We now consider a very simple model of the collision integral,

$\coll=-\,{f-f^0\over\tau}=-{\delf\over\tau}\ .$

This model is known as the relaxation time approximation. Here, $$f^0=f^0(\Br,\Bp,t)$$ is a distribution function which describes a local equilibrium at each position $$\Br$$ and time $$t$$. The quantity $$\tau$$ is the relaxation time, which can in principle be momentum-dependent, but which we shall first consider to be constant.
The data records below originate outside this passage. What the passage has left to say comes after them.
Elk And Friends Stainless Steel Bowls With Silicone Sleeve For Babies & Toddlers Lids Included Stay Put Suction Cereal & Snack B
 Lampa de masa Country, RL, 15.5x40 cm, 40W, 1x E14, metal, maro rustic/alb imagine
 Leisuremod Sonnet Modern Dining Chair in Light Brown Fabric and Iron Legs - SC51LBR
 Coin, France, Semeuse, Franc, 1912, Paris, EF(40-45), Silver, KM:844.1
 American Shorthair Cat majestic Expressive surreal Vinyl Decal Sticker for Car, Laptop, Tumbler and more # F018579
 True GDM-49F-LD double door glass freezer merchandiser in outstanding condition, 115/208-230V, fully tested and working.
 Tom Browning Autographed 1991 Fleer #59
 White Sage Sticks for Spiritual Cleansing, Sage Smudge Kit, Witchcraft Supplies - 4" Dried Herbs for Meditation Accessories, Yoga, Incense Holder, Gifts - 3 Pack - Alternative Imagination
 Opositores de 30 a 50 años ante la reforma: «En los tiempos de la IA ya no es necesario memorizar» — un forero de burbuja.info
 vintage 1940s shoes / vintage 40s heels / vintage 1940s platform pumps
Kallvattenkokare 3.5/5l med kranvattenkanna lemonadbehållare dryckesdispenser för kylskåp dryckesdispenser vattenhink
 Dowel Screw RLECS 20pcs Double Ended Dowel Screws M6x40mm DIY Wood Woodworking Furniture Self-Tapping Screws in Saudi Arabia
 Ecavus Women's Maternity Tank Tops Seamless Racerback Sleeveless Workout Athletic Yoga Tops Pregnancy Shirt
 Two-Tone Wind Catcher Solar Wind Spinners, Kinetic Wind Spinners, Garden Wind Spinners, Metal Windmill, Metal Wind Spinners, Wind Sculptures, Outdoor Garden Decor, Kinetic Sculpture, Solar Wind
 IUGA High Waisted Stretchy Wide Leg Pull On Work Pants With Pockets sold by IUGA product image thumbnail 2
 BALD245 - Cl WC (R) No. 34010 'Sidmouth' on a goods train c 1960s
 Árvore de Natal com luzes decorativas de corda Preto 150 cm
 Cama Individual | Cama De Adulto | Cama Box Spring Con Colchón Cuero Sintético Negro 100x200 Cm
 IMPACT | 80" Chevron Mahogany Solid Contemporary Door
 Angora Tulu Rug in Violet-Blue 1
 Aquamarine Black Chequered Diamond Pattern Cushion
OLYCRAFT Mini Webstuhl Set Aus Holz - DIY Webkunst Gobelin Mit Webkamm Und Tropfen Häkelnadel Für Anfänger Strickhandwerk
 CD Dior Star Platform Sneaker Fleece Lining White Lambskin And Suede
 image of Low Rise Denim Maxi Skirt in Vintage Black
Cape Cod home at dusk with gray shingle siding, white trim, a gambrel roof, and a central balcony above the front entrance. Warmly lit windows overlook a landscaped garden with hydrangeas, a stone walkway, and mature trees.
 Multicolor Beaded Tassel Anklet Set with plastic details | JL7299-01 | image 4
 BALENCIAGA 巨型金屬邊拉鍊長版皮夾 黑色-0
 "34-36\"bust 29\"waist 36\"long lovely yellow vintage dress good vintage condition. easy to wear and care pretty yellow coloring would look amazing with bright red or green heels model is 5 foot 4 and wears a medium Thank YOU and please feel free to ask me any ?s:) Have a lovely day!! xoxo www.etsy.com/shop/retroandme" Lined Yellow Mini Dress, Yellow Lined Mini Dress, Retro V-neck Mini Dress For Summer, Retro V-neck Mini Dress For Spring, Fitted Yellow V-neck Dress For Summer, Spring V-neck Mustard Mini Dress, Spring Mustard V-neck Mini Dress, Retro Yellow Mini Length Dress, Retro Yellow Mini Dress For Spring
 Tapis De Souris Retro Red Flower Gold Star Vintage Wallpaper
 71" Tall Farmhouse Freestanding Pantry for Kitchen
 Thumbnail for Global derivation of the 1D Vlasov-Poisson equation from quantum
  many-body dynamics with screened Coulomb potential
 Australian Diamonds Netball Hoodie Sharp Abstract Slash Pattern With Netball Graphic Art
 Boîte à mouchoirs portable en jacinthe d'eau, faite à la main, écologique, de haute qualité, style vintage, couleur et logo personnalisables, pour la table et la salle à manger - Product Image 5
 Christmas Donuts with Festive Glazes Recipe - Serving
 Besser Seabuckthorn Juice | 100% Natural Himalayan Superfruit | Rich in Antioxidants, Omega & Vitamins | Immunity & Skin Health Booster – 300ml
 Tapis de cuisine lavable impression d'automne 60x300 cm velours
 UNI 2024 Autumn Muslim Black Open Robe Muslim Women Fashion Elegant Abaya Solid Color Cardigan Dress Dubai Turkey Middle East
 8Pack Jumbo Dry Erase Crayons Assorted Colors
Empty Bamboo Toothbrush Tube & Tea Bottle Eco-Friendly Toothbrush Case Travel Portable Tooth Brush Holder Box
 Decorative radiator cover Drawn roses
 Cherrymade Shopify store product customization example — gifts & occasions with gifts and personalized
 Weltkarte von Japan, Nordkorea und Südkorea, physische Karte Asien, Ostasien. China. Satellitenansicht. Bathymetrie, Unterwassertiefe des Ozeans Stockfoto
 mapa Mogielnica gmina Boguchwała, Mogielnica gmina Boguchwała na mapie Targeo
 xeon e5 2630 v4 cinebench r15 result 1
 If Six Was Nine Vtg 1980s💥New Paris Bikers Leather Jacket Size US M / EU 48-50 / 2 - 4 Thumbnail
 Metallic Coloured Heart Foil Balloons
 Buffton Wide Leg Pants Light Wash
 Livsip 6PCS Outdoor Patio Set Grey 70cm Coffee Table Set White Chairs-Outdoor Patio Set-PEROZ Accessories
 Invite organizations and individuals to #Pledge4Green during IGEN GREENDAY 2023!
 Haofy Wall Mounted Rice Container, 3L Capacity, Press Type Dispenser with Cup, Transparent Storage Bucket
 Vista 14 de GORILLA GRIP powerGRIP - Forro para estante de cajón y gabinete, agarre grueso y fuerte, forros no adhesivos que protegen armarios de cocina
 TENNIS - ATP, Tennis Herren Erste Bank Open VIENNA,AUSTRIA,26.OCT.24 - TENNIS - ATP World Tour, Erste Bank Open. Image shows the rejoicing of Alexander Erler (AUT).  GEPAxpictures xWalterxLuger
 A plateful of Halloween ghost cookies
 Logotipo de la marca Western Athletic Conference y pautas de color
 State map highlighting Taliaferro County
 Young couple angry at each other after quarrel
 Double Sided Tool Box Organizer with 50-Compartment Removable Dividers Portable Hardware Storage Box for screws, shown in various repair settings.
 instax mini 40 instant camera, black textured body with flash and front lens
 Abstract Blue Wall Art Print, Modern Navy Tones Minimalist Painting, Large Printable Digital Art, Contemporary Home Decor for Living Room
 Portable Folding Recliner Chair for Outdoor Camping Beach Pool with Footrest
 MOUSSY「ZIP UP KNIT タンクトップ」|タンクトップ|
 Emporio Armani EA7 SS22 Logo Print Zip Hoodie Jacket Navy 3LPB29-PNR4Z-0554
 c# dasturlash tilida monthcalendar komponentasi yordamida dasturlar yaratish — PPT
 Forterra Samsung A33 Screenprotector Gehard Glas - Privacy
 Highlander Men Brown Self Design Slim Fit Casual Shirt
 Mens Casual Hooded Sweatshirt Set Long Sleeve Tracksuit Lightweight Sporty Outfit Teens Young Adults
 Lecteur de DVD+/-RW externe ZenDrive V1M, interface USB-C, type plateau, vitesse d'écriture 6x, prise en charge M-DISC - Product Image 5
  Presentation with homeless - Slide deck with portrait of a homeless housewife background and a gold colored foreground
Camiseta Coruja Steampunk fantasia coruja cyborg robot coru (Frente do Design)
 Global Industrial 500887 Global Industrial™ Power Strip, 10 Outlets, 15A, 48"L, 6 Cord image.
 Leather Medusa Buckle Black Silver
In the absence of streaming terms, we have

${\pz \,\delf\over\pz t}=-{\delf\over\tau} \qquad\Longrightarrow\qquad \delf(\Br,\Bp,t)=\delf(\Br,\Bp,0)\,e^{-t/\tau}\ .$

The distribution $$f$$ then relaxes to the equilibrium distribution $$f^0$$ on a time scale $$\tau$$. We note that this approximation is obviously flawed in that all quantities – even the collisional invariants – relax to their equilibrium values on the scale $$\tau$$. In the Appendix, we consider a model for the collision integral in which the collisional invariants are all preserved, but everything else relaxes to local equilibrium at a single rate.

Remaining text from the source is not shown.